◆ DIRECTIONS FOR THIS TASK
What you write should be an exact repeat of the lines from the one with "Aparthotel Novallure Nassau 3*" through the final line below, minus the pictures.

◆ INPUT FOR THIS TASK
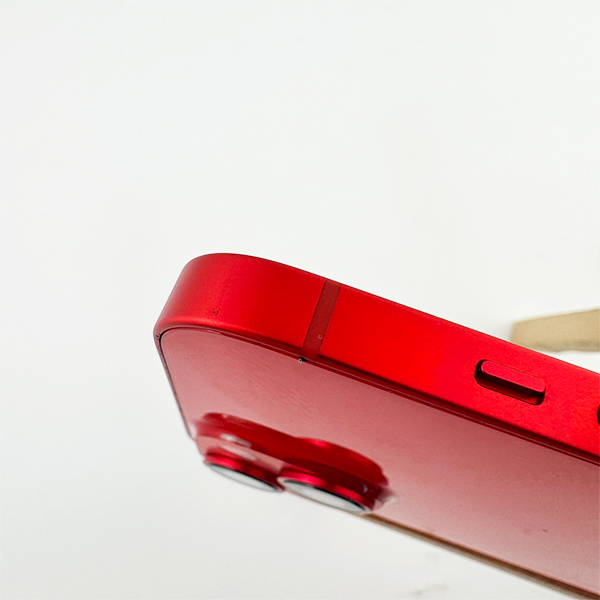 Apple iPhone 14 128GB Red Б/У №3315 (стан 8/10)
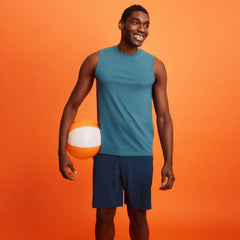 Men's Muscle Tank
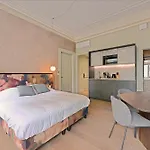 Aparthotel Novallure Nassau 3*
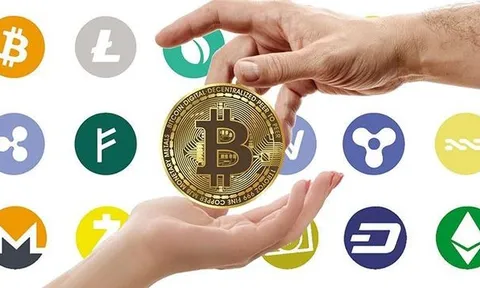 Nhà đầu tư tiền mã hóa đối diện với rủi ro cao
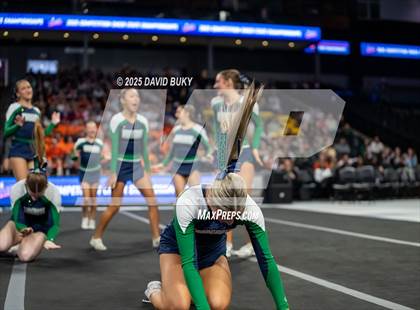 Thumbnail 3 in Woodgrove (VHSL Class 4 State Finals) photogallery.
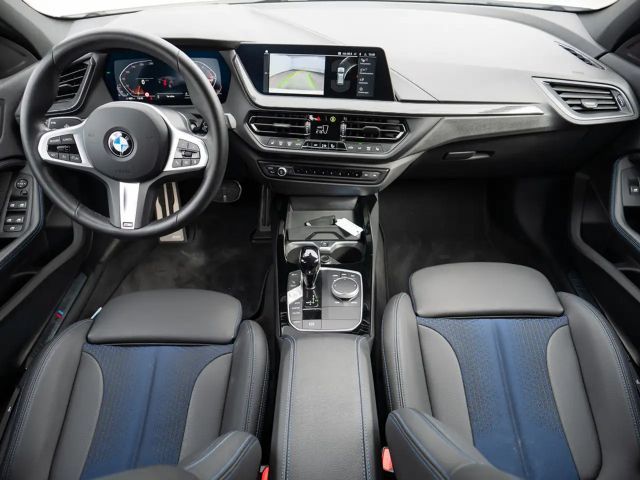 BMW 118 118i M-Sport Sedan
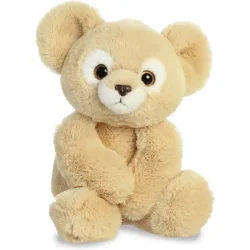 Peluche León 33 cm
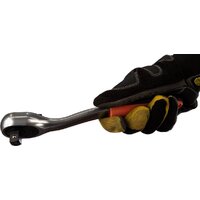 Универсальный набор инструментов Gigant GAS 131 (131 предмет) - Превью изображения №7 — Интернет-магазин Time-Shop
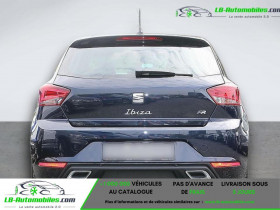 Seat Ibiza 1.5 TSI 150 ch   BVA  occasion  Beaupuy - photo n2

◆ EXERCISE RESPONSE
 Aparthotel Novallure Nassau 3*
 Nhà đầu tư tiền mã hóa đối diện với rủi ro cao
 Thumbnail 3 in Woodgrove (VHSL Class 4 State Finals) photogallery.
 BMW 118 118i M-Sport Sedan
 Peluche León 33 cm
 Универсальный набор инструментов Gigant GAS 131 (131 предмет) - Превью изображения №7 — Интернет-магазин Time-Shop
 Seat Ibiza 1.5 TSI 150 ch   BVA  occasion  Beaupuy - photo n2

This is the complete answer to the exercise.